This study addresses a critical limitation in existing metrics for scientific novelty, which typically rely on aggregating pairwise distances between knowledge units and thus fail to capture holistic innovation arising from knowledge integration at the paper level. To overcome this, the authors propose the Cognitive Traversal Distance (CTD), a structure-aware measure grounded in weighted knowledge networks that quantifies novelty by computing the shortest path required to connect all knowledge units within a paper. Departing from conventional aggregation paradigms based on means or quantiles, CTD introduces— for the first time—a graph-theoretic shortest-path approach. Evaluated on a network of 27 million biomedical papers constructed from OpenAlex and MeSH, CTD significantly outperforms current metrics, demonstrates robustness to the introduction of entirely new conceptual labels, effectively identifies innovation driven by knowledge recombination, and exhibits strong discriminative power on both F1000Prime- and Nobel Prize-winning papers.

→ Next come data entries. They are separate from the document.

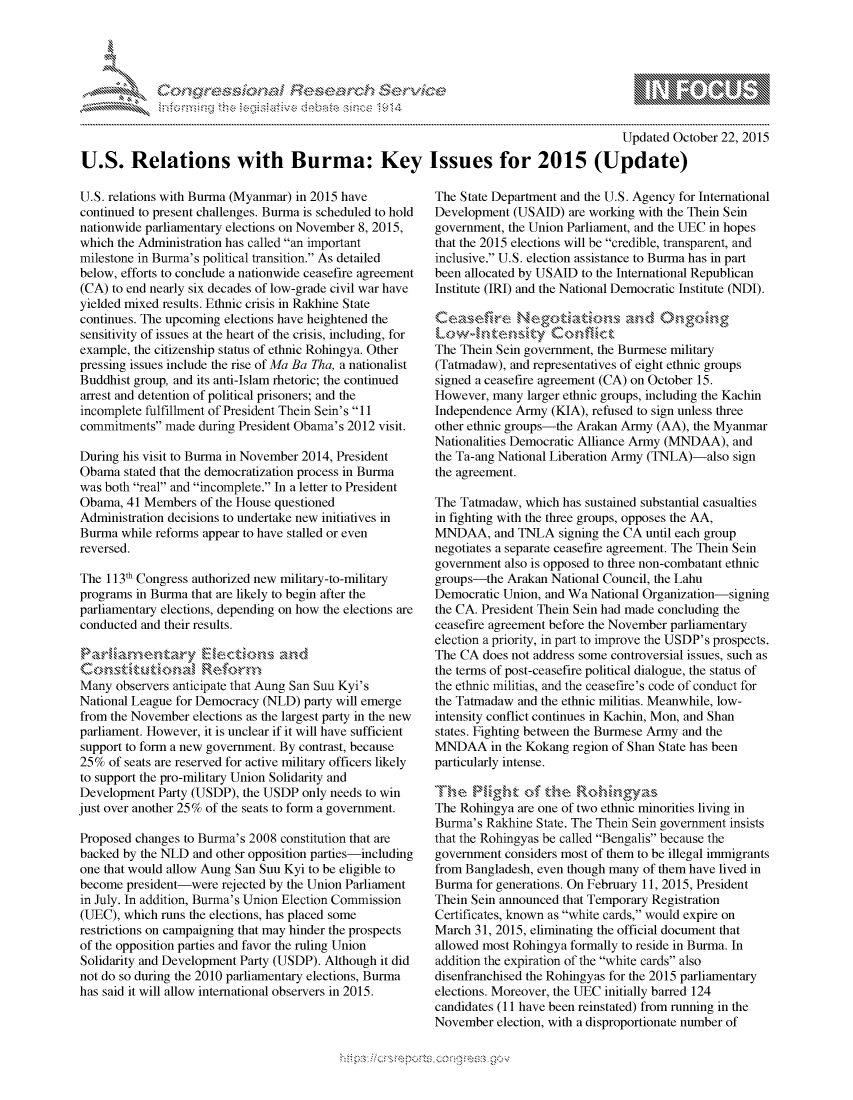 handle is hein.crs/govccvz0001 and id is 1 raw text is: 




FF.     '                   riE ,E-' $rh ,i . ,


                                                                                        Updated October 22, 2015

U.S. Relations with Burma: Key Issues for 2015 (Update)


U.S. relations with Burma (Myanmar) in 2015 have
continued to present challenges. Burma is scheduled to hold
nationwide parliamentary elections on November 8, 2015,
which the Administration has called an important
milestone in Burma's political transition. As detailed
below, efforts to conclude a nationwide ceasefire agreement
(CA) to end nearly six decades of low-grade civil war have
yielded mixed results. Ethnic crisis in Rakhine State
continues. The upcoming elections have heightened the
sensitivity of issues at the heart of the crisis, including, for
example, the citizenship status of ethnic Rohingya. Other
pressing issues include the rise of Ma Ba Tha, a nationalist
Buddhist group, and its anti-Islam rhetoric; the continued
arrest and detention of political prisoners; and the
incomplete fulfillment of President Thein Sein's 11
commitments made during President Obama's 2012 visit.

During his visit to Burma in November 2014, President
Obama stated that the democratization process in Burma
was both real and incomplete. In a letter to President
Obama, 41 Members of the House questioned
Administration decisions to undertake new initiatives in
Burma while reforms appear to have stalled or even
reversed.

The 113th Congress authorized new military-to-military
programs in Burma that are likely to begin after the
parliamentary elections, depending on how the elections are
conducted and their results.



Many observers anticipate that Aung San Suu Kyi's
National League for Democracy (NLD) party will emerge
from the November elections as the largest party in the new
parliament. However, it is unclear if it will have sufficient
support to form a new government. By contrast, because
25% of seats are reserved for active military officers likely
to support the pro-military Union Solidarity and
Development Party (USDP), the USDP only needs to win
just over another 25% of the seats to form a government.

Proposed changes to Burma's 2008 constitution that are
backed by the NLD and other opposition parties-including
one that would allow Aung San Suu Kyi to be eligible to
become president-were rejected by the Union Parliament
in July. In addition, Burma's Union Election Commission
(UEC), which runs the elections, has placed some
restrictions on campaigning that may hinder the prospects
of the opposition parties and favor the ruling Union
Solidarity and Development Party (USDP). Although it did
not do so during the 2010 parliamentary elections, Burma
has said it will allow international observers in 2015.


The State Department and the U.S. Agency for International
Development (USAID) are working with the Them Sein
government, the Union Parliament, and the UEC in hopes
that the 2015 elections will be credible, transparent, and
inclusive. U.S. election assistance to Burma has in part
been allocated by USAID to the International Republican
Institute (IRI) and the National Democratic Institute (NDI).



The Them Sein government, the Burmese military
(Tatmadaw), and representatives of eight ethnic groups
signed a ceasefire agreement (CA) on October 15.
However, many larger ethnic groups, including the Kachin
Independence Army (KIA), refused to sign unless three
other ethnic groups-the Arakan Army (AA), the Myanmar
Nationalities Democratic Alliance Army (MNDAA), and
the Ta-ang National Liberation Army (TNLA)-also sign
the agreement.

The Tatmadaw, which has sustained substantial casualties
in fighting with the three groups, opposes the AA,
MNDAA, and TNLA signing the CA until each group
negotiates a separate ceasefire agreement. The Them Sein
government also is opposed to three non-combatant ethnic
groups-the Arakan National Council, the Lahu
Democratic Union, and Wa National Organization-signing
the CA. President Them Sein had made concluding the
ceasefire agreement before the November parliamentary
election a priority, in part to improve the USDP's prospects.
The CA does not address some controversial issues, such as
the terms of post-ceasefire political dialogue, the status of
the ethnic militias, and the ceasefire's code of conduct for
the Tatmadaw and the ethnic militias. Meanwhile, low-
intensity conflict continues in Kachin, Mon, and Shan
states. Fighting between the Burmese Army and the
MNDAA in the Kokang region of Shan State has been
particularly intense.


The Rohingya are one of two ethnic minorities living in
Burma's Rakhine State. The Thein Sein government insists
that the Rohingyas be called Bengalis because the
government considers most of them to be illegal immigrants
from Bangladesh, even though many of them have lived in
Burma for generations. On February 11, 2015, President
Them Sein announced that Temporary Registration
Certificates, known as white cards, would expire on
March 31, 2015, eliminating the official document that
allowed most Rohingya formally to reside in Burma. In
addition the expiration of the white cards also
disenfranchised the Rohingyas for the 2015 parliamentary
elections. Moreover, the UEC initially barred 124
candidates (11 have been reinstated) from running in the
November election, with a disproportionate number of


.O 'T


a             - , gn'a', ggmm
'S
11L1\\k\NJ1kJ\W,


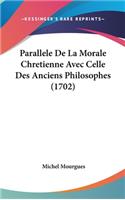 Parallele de La Morale Chretienne Avec Celle Des Anciens Philosophes (1702)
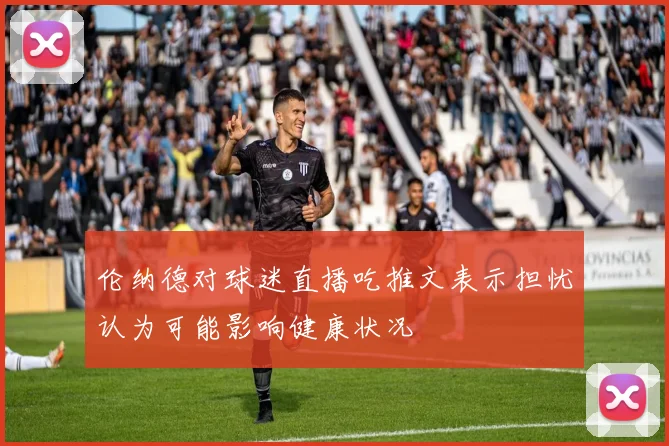 伦纳德对球迷直播吃推文表示担忧认为可能影响健康状况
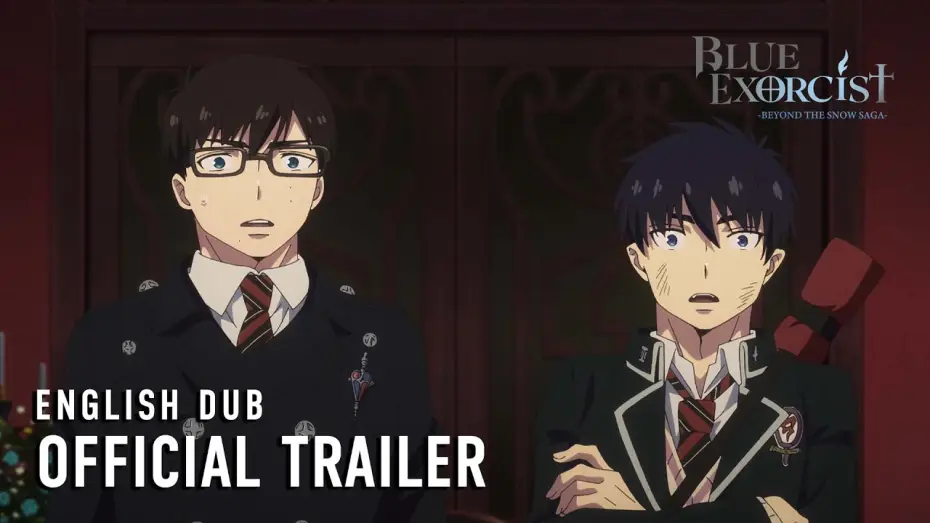 Видео к сериалу Синий Экзорцист — -Beyond the Snow Saga- Official English Dub Trailer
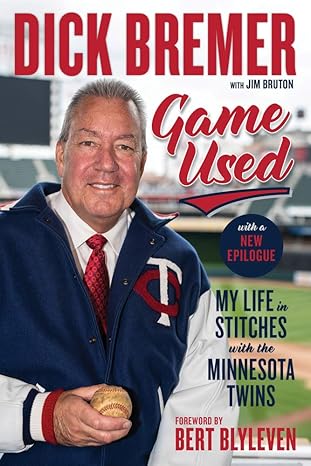 dick bremer game used my life in stitches with the minnesota twins 1st edition dick bremer ,jim bruton ,bert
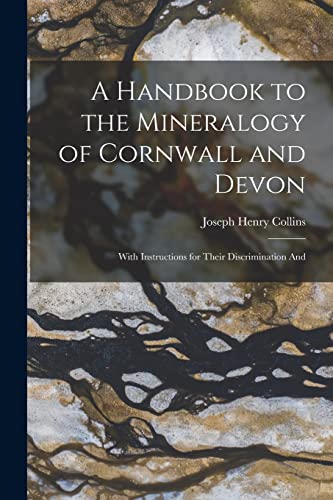 Stock image for A Handbook to the Mineralogy of Cornwall and Devon: With Instructions for Their Discrimination And for sale by THE SAINT BOOKSTORE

Scientific novelty is a critical construct in bibliometrics and is commonly measured by aggregating pairwise distances between the knowledge units underlying a paper. While prior work has refined how such distances are computed, less attention has been paid to how dyadic relations are aggregated to characterize novelty at the paper level. We address this limitation by introducing a network-based indicator, Cognitive Traversal Distance (CTD). Conceptualizing the historical literature as a weighted knowledge network, CTD is defined as the length of the shortest path required to connect all knowledge units associated with a paper. CTD provides a paper-level novelty measure that reflects the minimal structural distance needed to integrate multiple knowledge units, moving beyond mean- or quantile-based aggregation of pairwise distances. Using 27 million biomedical publications indexed by OpenAlex and Medical Subject Headings (MeSH) as standardized knowledge units, we evaluate CTD against expert-based novelty benchmarks from F1000Prime-recommended papers and Nobel Prize-winning publications. CTD consistently outperforms conventional aggregation-based indicators. We further show that MeSH-based CTD is less sensitive to novelty driven by the emergence of entirely new conceptual labels, clarifying its scope relative to recent text-based measures.